Random Presents: Brett Dennen with Special Guests: Lily and Madeleine

Tickets: $35 General Admission - seats will be removed down front for dancing

As common and simple as it is, “por favor” is such an evocative expression.
From Spanish, it translates to “please,” a word that suggests a need for something, a desire to make a change. “‘Por favor’ was something I kept saying every day in the studio, and I got the other musicians saying it,” says Brett Dennen. “We were goofing around, and Dave Cobb, my producer, said it should be the title of my new record. I laughed it off at first, but then I really thought about it.” “When you say please, you’re asking something to come into your life,” Dennen adds. “It might mean that you’re weak and need something to make you strong.

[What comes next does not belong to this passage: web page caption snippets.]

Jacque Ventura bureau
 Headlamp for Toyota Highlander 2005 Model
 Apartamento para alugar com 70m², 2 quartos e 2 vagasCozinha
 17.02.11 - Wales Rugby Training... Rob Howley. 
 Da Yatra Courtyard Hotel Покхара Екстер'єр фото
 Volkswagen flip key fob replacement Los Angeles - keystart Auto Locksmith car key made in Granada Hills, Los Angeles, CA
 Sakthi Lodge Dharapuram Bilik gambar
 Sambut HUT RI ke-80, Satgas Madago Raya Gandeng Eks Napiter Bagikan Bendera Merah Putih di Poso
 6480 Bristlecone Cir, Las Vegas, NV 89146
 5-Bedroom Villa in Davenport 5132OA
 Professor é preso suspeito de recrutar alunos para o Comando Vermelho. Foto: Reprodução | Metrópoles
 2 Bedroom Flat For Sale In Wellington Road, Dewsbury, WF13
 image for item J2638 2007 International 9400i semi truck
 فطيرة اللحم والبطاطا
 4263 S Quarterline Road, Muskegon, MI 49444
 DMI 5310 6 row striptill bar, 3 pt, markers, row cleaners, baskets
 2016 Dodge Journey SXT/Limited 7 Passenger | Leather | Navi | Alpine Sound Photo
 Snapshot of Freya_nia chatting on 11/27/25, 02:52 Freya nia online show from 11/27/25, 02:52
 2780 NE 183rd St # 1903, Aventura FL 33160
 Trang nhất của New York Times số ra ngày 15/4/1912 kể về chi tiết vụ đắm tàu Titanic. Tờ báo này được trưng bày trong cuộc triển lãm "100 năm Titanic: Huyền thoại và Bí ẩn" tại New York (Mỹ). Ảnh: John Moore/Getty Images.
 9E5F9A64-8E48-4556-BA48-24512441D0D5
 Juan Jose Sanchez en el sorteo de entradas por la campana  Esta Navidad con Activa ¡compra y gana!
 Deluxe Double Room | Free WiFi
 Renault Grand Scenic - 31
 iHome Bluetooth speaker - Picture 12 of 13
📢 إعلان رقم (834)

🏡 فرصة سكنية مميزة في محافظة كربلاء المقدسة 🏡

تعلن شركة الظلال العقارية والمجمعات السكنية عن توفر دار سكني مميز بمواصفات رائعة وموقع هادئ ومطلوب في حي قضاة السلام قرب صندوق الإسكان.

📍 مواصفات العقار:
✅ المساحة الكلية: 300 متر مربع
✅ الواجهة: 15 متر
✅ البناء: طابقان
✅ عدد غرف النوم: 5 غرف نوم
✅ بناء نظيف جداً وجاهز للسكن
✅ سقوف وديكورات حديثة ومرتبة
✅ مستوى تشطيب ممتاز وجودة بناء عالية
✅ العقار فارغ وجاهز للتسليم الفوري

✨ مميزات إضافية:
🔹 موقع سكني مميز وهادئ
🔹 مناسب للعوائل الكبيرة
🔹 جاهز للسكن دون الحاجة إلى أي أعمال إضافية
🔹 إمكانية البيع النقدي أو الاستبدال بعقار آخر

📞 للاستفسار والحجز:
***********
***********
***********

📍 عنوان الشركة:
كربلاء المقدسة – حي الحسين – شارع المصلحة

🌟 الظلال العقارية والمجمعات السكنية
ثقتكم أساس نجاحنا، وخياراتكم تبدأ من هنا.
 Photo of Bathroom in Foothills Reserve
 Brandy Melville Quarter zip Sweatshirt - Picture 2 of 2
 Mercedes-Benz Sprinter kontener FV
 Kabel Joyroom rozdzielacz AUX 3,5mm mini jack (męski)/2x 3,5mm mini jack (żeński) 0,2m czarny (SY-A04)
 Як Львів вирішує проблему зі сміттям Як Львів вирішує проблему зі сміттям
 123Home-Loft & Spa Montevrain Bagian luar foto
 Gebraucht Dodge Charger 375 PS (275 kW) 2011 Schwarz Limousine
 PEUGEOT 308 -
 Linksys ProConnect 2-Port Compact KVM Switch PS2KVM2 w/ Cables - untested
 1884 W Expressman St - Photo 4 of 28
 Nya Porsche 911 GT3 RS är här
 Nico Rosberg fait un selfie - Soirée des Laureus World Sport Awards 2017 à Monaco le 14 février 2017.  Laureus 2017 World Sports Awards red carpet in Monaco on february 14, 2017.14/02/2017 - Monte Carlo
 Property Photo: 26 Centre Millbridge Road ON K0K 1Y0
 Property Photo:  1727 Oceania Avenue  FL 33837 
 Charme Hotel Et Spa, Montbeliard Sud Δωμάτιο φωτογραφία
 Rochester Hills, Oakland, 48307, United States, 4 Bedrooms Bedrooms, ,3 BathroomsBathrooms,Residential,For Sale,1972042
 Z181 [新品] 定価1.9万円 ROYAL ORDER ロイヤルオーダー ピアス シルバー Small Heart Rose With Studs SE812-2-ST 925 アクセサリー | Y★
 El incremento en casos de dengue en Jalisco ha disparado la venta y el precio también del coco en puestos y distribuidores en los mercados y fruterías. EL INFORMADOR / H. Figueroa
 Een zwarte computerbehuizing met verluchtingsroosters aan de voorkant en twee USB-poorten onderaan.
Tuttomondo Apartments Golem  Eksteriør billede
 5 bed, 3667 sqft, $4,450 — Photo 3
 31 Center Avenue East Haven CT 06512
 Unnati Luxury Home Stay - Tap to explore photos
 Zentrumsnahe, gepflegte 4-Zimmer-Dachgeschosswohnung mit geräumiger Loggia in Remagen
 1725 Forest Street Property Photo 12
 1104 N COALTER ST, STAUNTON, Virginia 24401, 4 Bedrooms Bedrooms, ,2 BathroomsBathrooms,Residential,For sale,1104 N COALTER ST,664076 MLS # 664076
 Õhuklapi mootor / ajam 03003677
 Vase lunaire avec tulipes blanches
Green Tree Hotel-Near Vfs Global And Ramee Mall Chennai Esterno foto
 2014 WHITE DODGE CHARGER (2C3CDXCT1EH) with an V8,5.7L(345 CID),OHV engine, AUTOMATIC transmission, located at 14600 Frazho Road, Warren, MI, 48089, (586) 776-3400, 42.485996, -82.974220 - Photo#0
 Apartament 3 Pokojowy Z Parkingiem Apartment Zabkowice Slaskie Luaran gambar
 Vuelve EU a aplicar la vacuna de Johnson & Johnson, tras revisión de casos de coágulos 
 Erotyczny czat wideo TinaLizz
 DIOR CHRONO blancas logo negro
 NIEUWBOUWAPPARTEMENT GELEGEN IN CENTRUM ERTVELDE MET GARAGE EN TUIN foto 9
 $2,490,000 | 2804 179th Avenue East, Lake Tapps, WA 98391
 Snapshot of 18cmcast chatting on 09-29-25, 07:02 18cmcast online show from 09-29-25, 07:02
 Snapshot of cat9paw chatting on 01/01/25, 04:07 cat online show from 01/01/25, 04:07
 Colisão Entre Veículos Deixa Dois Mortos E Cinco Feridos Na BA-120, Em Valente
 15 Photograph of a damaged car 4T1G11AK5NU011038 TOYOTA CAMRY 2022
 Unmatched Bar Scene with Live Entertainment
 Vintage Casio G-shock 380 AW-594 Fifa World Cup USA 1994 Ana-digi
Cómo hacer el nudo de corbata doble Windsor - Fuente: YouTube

But you’re admitting to some sort of weakness or some form of humility.”

That notion is at the heart of “Por Favor,” Dennen’s intimate and revealing new album that Elektra Records will release on May 20. Produced by Cobb, fresh from his Grammy winning work with Chris Stapleton and Jason Isbell, the record strips Dennen to his core as a songwriter with nothing to hide. “All these songs came from a time of sadness for lots of different reasons. They came at a point when I wasn’t feeling confident about myself,” he says. “When I’m not feeling confident, I’m not a nice person to be around. I don’t take care of my health, my relationships, my stuff, and it all cycles into a miserable place. And I have a really hard time admitting that I’m in that place.”

A followup to 2013’s “Smoke and Mirrors,” his sixth studio album dives deep into loneliness, loss, and love and all its side effects. It’s the sound of an artist working through his insecurities in song, and thereby letting go of them. But it’s by no means a sad affair, nor is it the “rainy-day record” Dennen initially thought he was making. Often framed by uplifting choruses and bright acoustic arrangements, these songs brim with optimism, the palpable sense that the tide is turning. “And I want to love you for the way you are/ Not the way I am/ So let’s go now/ Back to the bonfire where we began,” he sings over a chugging groove on “Bonfire.”